Speaker
Description
Liquid hydrogen (LH2) storage offers significant advantages in storage density and operating pressure, showing promising prospects for mobile applications. However, experimental studies on tank internal thermodynamics typically involve smaller tank sizes and primarily focus on vertical tanks. Detailed studies of horizontal tanks, which are more suitable for vehicle applications, are limited, particularly regarding experimental data under actual operating conditions.
This study presents experimental results from a 500L vehicle-mounted horizontal liquid hydrogen storage tank equipped with a vapor-cooling-shield (VCS) and lossless storage capabilities.
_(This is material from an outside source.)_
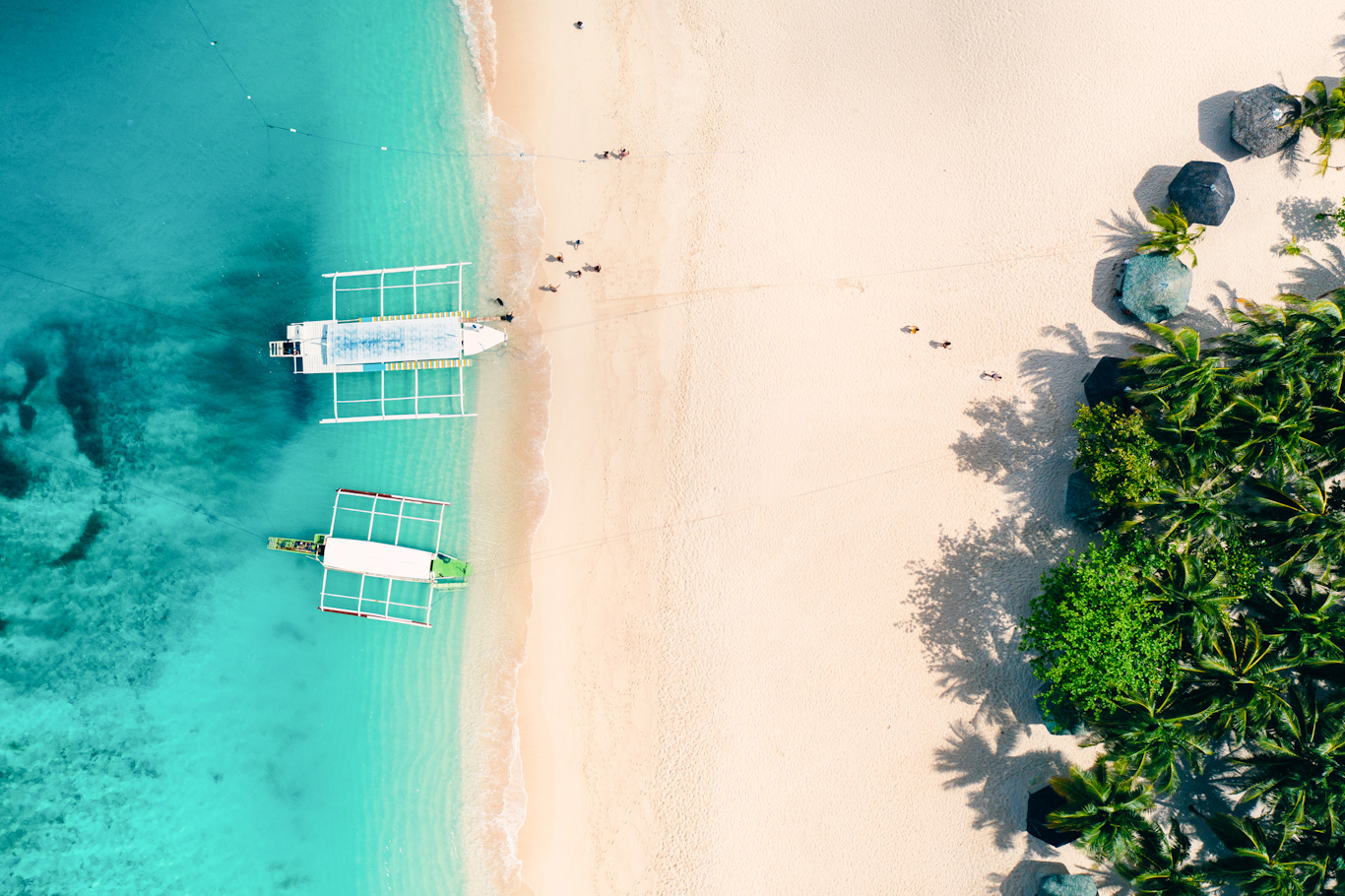 Daku island view from the sky. Man relaxing taking sunbath on the beach.shot taken with drone above the beautiful scene. concept about travel, nature, and marine landscapes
Temperature and pressure measurements were conducted using calibrated Pt-1000 and Pt-100 sensors strategically placed throughout the tank. Results show that the average daily boil-off rate with VCS operation is approximately 5.62%, compared to 7.35% without VCS, indicating that the VCS improves efficiency by approximately 23.54%. During steady-state evaporation, significant thermal stratification was observed in the vapor phase, while the liquid phase showed minimal stratification. Temperature sensors demonstrated potential for supplementary liquid level measurement, as they clearly detected stratification when liquid levels dropped below sensor positions.
The self-pressurization tests revealed that the lossless storage cycle durations gradually decreased before stabilizing, with four consecutive cycles lasting 16.23h, 13.18h, 10.83h, and 10.34h respectively. Liquid level and temperature sensor data indicate that during self-pressurization, the evaporation of liquid hydrogen may be suppressed. Therefore, thermal stratification in the vapor phase is likely a significant factor contributing to the increase in self-pressurization rates.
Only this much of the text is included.